Stella D’Oro Biscuit workers
strike in New York

BRONX, New York—One hundred and thirty-six workers have been on strike here against Stella D’Oro Biscuit Co. since August 13, maintaining a 24-hour picket line.

According to Bakery, Confectionary, Tobacco Workers and Grain Millers International Union Local 50, which represents the workers, the company is trying to impose a new contract that would cut wages and vacation and holiday pay, eliminate paid sick days and Saturday premium pay, and increase health-care co-payments.

Joyce Alston, president of Local 50, reported to the Riverdale Press that “the five-year contract would slash some workers’ salaries by $1 per hour for each year of the contract,” with some immediately losing as much as $2.32 per hour.

Striker Alex Nardella, 51, told the Militant that earlier this year the company laid off all of its truck drivers and security personnel. Before the strike began, the company had been running production six days a week with 12-hour shifts.

According to picketers, the company has been hiring strikebreakers and held a job fair on September 13. Angelo de la Cruz, 49, said he and other strikers tried to explain to those attending the job fair why they should support the strike. “The majority entered the plant, but about 25 turned around and left after we talked to them,” said de la Cruz.

“Many of the workers have been here 25-35 years. I have been here 20. We want to work, but not under these conditions,” stated de la Cruz.

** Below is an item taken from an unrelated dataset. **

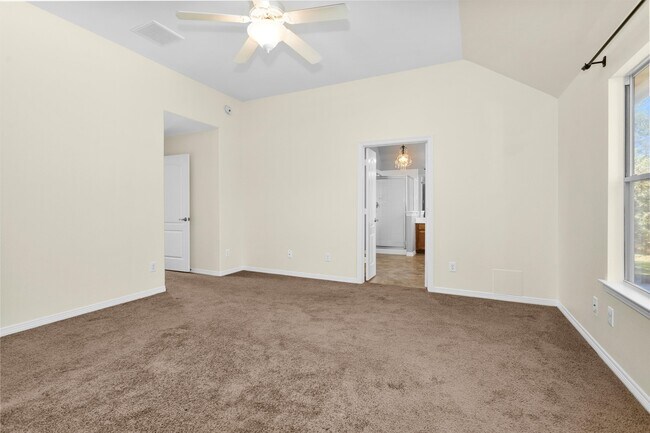 Building Photo - 2 Lulach Cir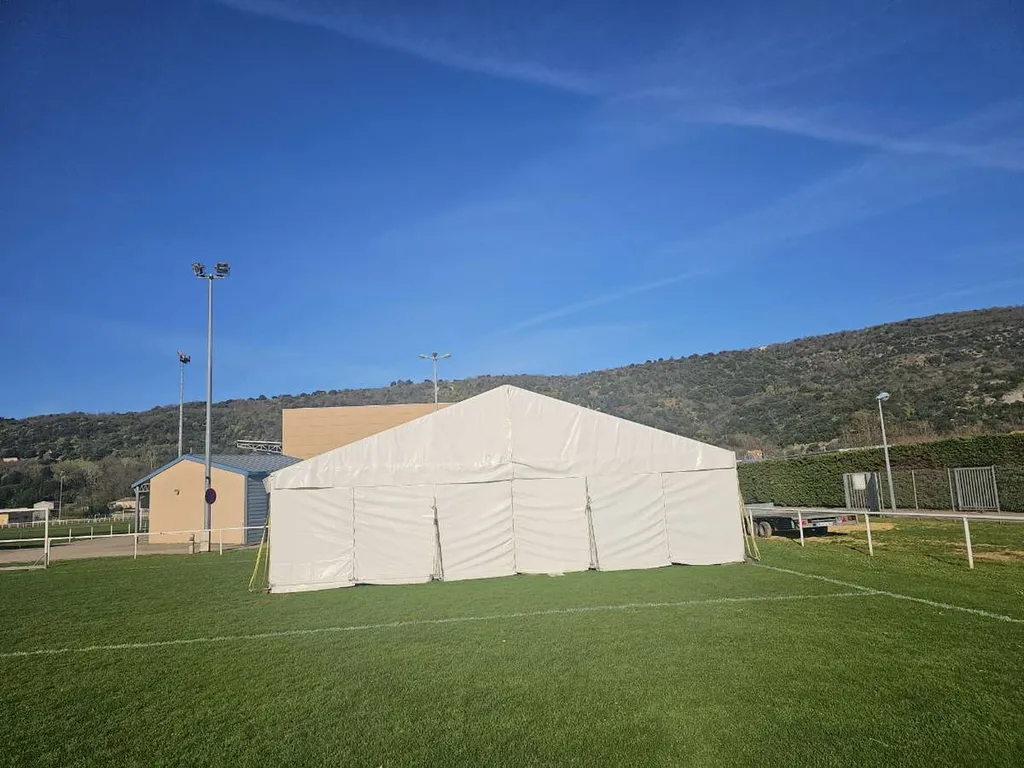 Location d'un chapiteau de 120m² pour un salon du tourisme au Pouzin près de Privas en Ardèche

“Their goal is to get rid of the union,” said Michael Flippou, a mechanic and union representative. “With the contract they’re proposing, the company is trying to pit skilled workers against unskilled.”

Nardella, an assistant maintenance engineer who has worked for Stella D’Oro for 30 years, explained that under the new contract he would not face a wage cut. “I could go back in and get the same wage, but how could I do that when my fellow coworkers’ wages will be cut?”

—Maura DeLuca

Grain workers are
locked out in Iowa

MUSCATINE, Iowa—Grain Processing Corporation, one of this small town’s biggest employers, has locked out its 360 production employees since August 22.

Second-shift workers were escorted out of the plant hours before the contract between United Food and Commercial Workers Local 86D and the company expired. The union had requested a two-week extension of the pact with the manufacturer of corn-based products.

“We have got to get rid of the B-scale and reestablish seniority,” Brad Blaser, a worker on the picket line told the Militant. He explained that five years ago workers accepted a concession contract that established a substantially lower pay scale for new hires and gave the company the ability to assign jobs regardless of seniority.

Day and night, dark clouds of smoke billow from the 50-year-old plant’s smokestacks, giving evidence of the company’s efforts to keep production going with around-the-clock 12-hour shifts of management employees and temporary workers.

Terry Grime, a shop steward, doesn’t believe the company will succeed in maintaining production. “Several workers have been taken out in ambulances in the last two weeks,” he said.

Grime noted that the spirits of the locked-out workers have been bolstered by acts of solidarity from area unionists and community members. He said firemen, electrical workers, steelworkers, and others have visited the picket line and made donations of food and money. Many homes throughout the town have signs and red ribbons supporting the workers’ fight.